Forestry, oil and gas activity and coal exploration have turned much of the region from what Wood describes as a “pristine” forested area to one chopped up by seismic lines, cutblocks, well pads and boreholes.
On a recent helicopter flight over Clearwater County, The Narwhal got a bird’s eye view of the area, which includes exploration for the Ram River Coal Corporation’s Aries Mine and Valory Resources’ Blackstone project.
Projects like these had many Albertans up in arms over the last year, after the United Conservative Party government announced in May 2020 it had rescinded the longstanding coal policy which prohibited most coal mining in areas like these (known in the policy as category 2 lands).
Alberta’s coal policy — in place since 1976 — allowed for exploration, but getting approval to build an actual coal mine was much more arduous. That changed when the coal policy was rescinded, sparking backlash: ranchers upset over deteriorated water quality, tourism operators concerned about destruction of remaining wilderness and concern over what Wood described as “disingenuous” communication of its plans.
The government dialled back its efforts to open up the eastern slopes to open-pit coal mining, and also eventually paused exploration.
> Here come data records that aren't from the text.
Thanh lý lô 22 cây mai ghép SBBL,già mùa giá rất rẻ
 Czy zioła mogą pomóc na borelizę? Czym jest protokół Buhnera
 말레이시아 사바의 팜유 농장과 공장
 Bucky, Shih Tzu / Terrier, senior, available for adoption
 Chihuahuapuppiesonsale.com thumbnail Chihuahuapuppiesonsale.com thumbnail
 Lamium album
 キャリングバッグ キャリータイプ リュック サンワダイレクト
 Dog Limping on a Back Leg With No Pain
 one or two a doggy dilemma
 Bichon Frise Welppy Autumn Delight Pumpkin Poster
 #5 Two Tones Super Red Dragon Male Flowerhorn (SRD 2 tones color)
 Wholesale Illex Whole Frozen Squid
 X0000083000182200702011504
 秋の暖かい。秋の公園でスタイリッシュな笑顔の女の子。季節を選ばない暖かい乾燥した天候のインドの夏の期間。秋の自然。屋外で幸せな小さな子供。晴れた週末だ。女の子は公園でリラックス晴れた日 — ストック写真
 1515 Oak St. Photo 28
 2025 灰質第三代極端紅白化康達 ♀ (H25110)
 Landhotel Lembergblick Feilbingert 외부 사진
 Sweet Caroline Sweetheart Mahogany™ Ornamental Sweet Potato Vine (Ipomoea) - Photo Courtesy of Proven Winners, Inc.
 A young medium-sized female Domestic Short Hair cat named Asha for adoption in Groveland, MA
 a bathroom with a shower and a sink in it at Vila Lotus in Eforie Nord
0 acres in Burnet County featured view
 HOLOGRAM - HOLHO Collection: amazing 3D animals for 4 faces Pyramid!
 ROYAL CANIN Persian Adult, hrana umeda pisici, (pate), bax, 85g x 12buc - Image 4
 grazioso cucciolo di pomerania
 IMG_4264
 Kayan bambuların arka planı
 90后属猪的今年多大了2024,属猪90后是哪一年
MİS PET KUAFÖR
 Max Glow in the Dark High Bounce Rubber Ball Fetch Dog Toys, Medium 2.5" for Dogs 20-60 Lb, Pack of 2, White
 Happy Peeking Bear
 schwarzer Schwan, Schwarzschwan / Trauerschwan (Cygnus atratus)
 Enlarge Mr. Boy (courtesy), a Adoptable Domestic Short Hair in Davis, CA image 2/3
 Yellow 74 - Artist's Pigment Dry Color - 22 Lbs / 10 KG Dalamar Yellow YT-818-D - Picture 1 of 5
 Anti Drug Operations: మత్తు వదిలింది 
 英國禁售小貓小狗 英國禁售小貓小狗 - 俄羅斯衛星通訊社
“We admit we didn’t get this one right,” Energy Minister Sonya Savage said at a press conference in February announcing the government’s course-reversal.
But residents and advocates are concerned that many Albertans may view the issue as settled, and for those The Narwhal spoke to, the eastern slopes are far from free of future threats from coal mining.
“Everyone’s let their guard down,” Travis Boschman, a wildlife photographer in Red Deer, told The Narwhal. “I’m happy that [exploration] is stopped for now but I don’t have a lot of faith that it’s going to stop forever.”
This leaves some advocating for not just a reprieve from industrial activity, but a conscious effort to protect the region from the cumulative impacts of numerous industries.
“There are certain areas where it’s a non-starter and the eastern slopes just has to be one of those,” Wood said.
Clearwater County was blanketed in coal leases following the government’s announcement that it would rescind the coal policy.
Coal leases soon covered nearly 10 per cent of the county’s area, according to data from the Canadian Parks and Wilderness Society. The area of coal leases more than quadrupled after the government’s announcement that the coal policy would be rescinded, according to the group. Then, facing pressure, the government paused the sale of new leases in category 2 lands in January.
That didn’t stop companies holding existing leases from pursuing exploration, though not all coal leases had active exploration activity.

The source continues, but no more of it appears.